• WORK REQUEST:
The expected answer is every line of the material that contains the word "carpet".

• • • • • • •

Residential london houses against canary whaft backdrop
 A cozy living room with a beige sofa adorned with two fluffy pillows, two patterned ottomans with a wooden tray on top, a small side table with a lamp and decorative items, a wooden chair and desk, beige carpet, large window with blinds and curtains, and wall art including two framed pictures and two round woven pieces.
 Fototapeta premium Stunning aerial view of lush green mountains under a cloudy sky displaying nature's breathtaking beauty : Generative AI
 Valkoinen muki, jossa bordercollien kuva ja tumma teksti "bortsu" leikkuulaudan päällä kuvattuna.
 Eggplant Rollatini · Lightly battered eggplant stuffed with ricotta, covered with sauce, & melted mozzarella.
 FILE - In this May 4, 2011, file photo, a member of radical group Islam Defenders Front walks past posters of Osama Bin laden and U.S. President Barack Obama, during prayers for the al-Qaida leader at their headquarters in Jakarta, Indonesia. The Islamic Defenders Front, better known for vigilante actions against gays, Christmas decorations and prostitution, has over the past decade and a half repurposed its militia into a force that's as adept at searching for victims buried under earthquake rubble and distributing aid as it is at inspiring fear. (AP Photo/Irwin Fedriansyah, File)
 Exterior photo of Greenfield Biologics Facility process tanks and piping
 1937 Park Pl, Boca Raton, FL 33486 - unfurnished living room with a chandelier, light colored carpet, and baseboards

• • • • • • •

• SOLUTION FOR THIS EXERCISE:
 A cozy living room with a beige sofa adorned with two fluffy pillows, two patterned ottomans with a wooden tray on top, a small side table with a lamp and decorative items, a wooden chair and desk, beige carpet, large window with blinds and curtains, and wall art including two framed pictures and two round woven pieces.
 1937 Park Pl, Boca Raton, FL 33486 - unfurnished living room with a chandelier, light colored carpet, and baseboards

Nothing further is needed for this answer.